Chapter 1
Man made punishment
While claims as to the universal nature of the law and its equal applicability across society have been challenged by many philosophers across the ages, theories of punishment have not been held up to the same scrutiny. Penal theory has, in the main, considered how society should rightfully and justifiably respond to an offending act but in the goal to develop regimes of penality there has been little reflection on the unequal distribution of power and agency within the societies in which practices of punishment operate. Liberal theories have considered the threat of punishment as a deterrent necessary for the maintenance of social order without questioning the nature of that order which is to be sustained and the manner in which it may be differently constituted for various social groups. Retributive practices have based their argument on a moral judgement, that punishment is a justified response to a wrongdoing which should reflect the harm of the crime committed, without a consideration of the ways in which morality is both differently applied and policed across society. While the nature of and rationalisations for punishment have undergone significant paradigmatic shifts over the centuries, each system has been considered as germane to all members of the society in which it has been applied and considered as the most apposite method through which all those who have been wronged can be afforded some sort of redress. There has been little room in these different conceptions of punishment and its utility for a consideration as to how practices of punishment may be differentially experienced or understood by the law-breaker themself, or indeed as to how punishment may be more or less effective for different social groups. The rules and justifications for different models of punishment have been considered as universal systems which should be applied to all.
The punishment models which we currently utilise in order to frame our response to law-breaking were developed prior to the formation of critical theories such as feminism which have highlighted the unequal distribution of rights across societies. Established and centuries-old theories of punishment have become deeply entrenched into our ways of thinking about and practising punishment and in justifying the right to punish. These established approaches suggest that punishment is located outside of and above the messy structures of everyday life and that the principles on which punishment is based constitute universal truths.
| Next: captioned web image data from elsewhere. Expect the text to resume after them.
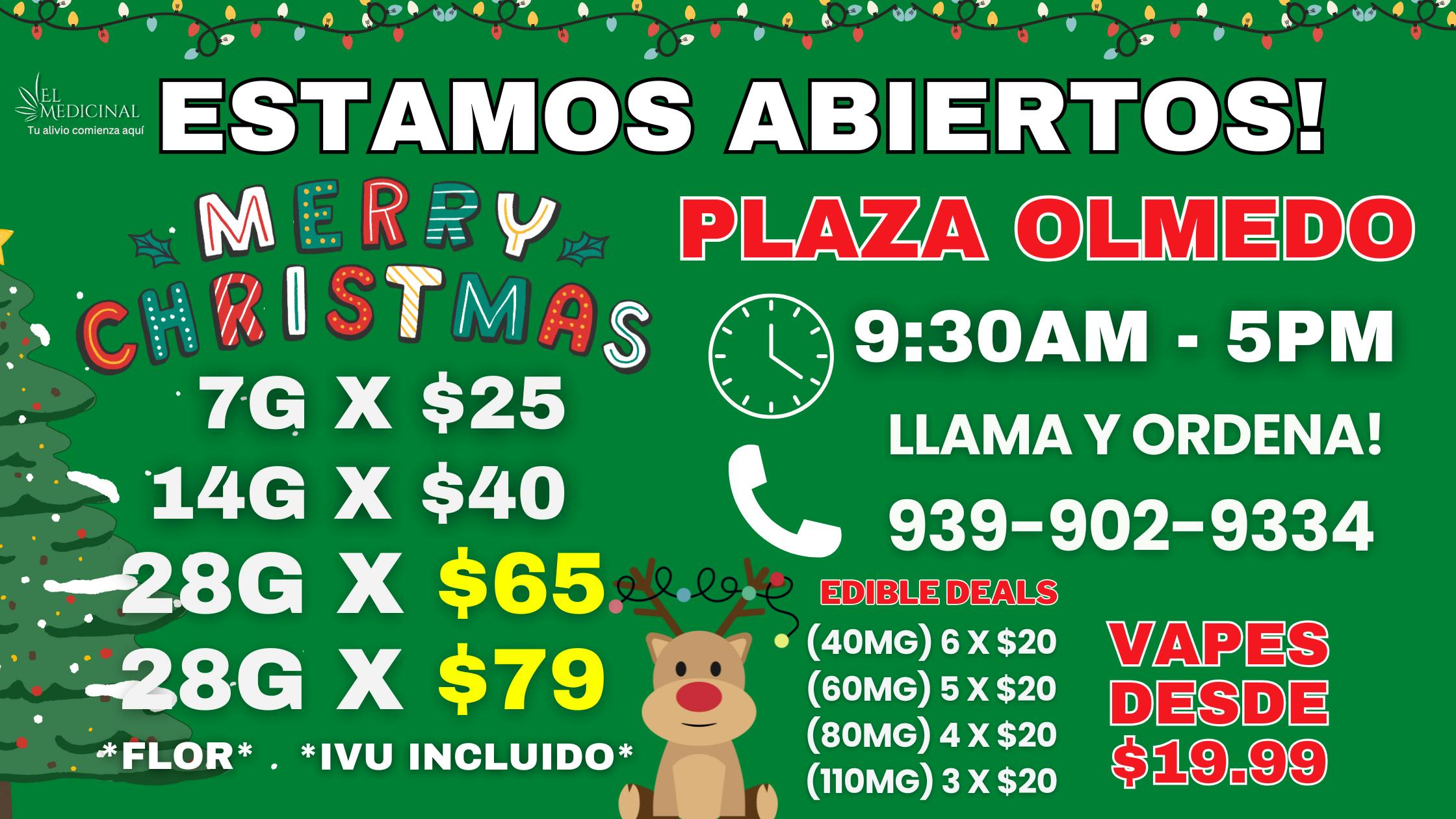 El Medicinal FELIZ NAVIDAD! ESTAMOS ABIERTOS PLAZA OLMEDO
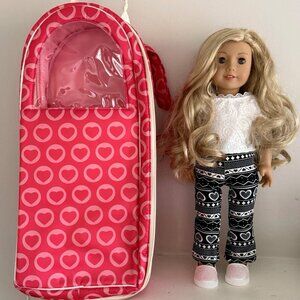 American Girl 18” Blonde Doll + Our Generation by Battat Heart Case, AG Outfit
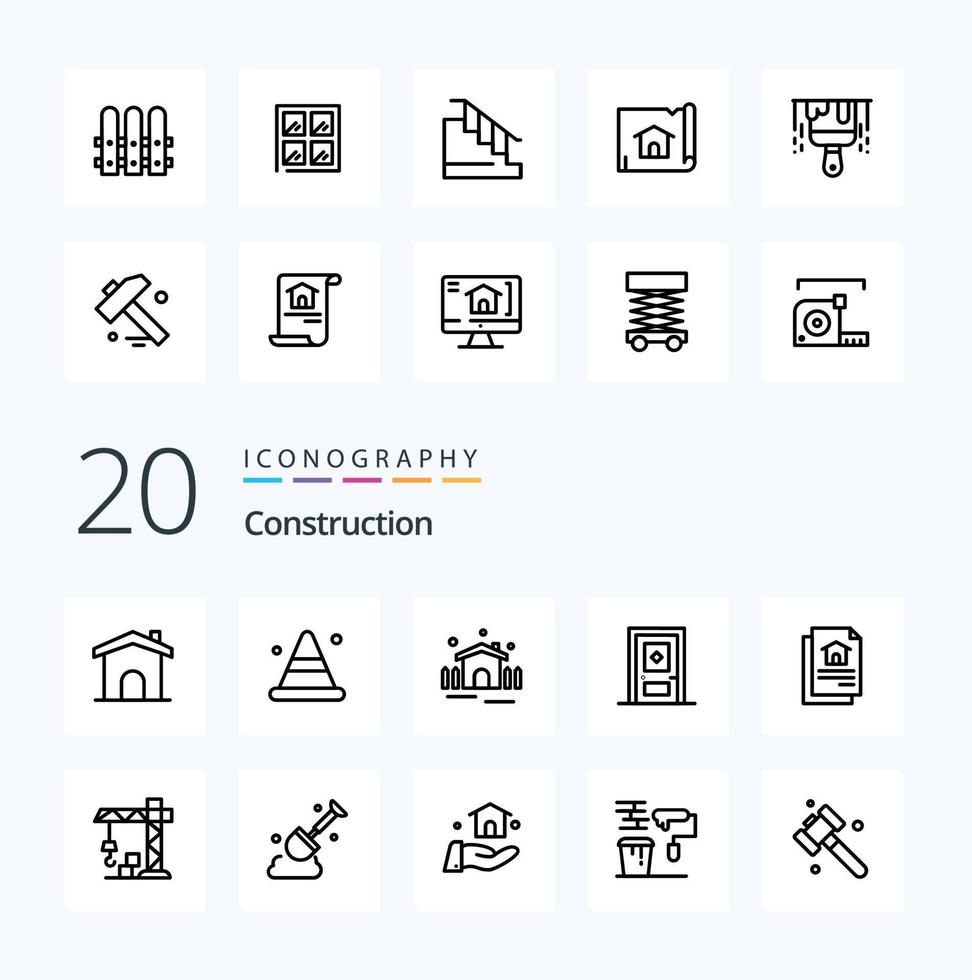 20 Construction Line icon Pack like document door construction construction building vector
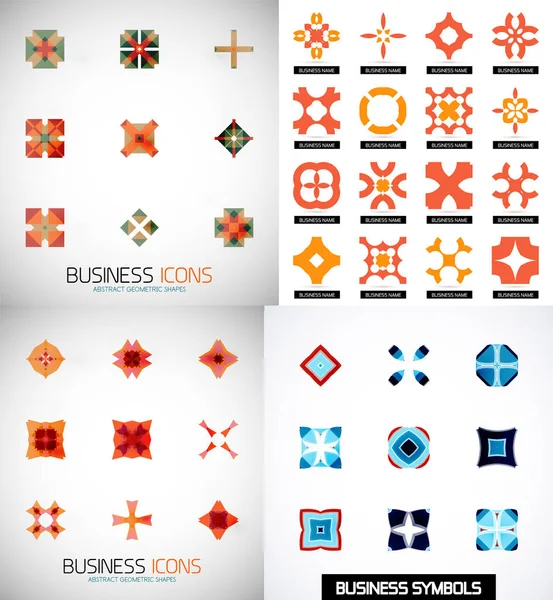 Set of colorful abstract symmetric geometric icons — Stock Vector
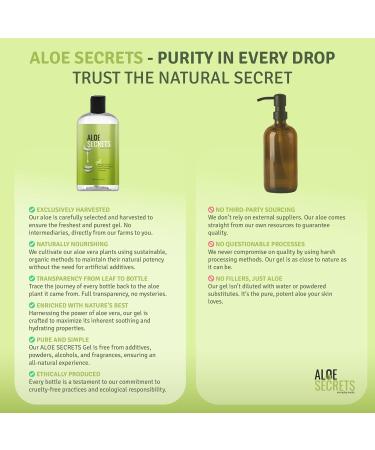 Pure Aloe Vera Gel 12oz - 100% Natural Vegan Highest Quality - California Grown for Face Skin Hair & Sunburn Relief - International Shipping Available - Buy Online on GoSupps.com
Indeed for many these truths have been decreed by a higher power, whether that be earth-bound or heavenly, with a paternal concern to ensure a better society for all. Punishment is accepted as a constant in society and as based on a system of morals which supersede the day-to-day exercise of authority and which ultimately hold us all to account whatever our position in society, regulating the behaviour of all on equal terms. We are, as a society, less familiar with the more critical and complex understandings of punishment which have more recently emerged over the last 100 or so years and which have called for a new approach to our understanding of punishment (see discussions of Marx, Nietzsche, Foucault and Menninger in Tunick 1992). These radical critiques have considered punishment as linked to extant social conditions, less a response to crime than an expression of social and economic power and its maintenance. Punishment regimes have been reconceptualised as systems through which the powerful maintain their hold over society and find justification in their reproach and censure of ideas and individual actions which threaten the maintenance of power, and which also hold the powerful to a different set of standards than those which are applied to the powerless (Tunick 1992).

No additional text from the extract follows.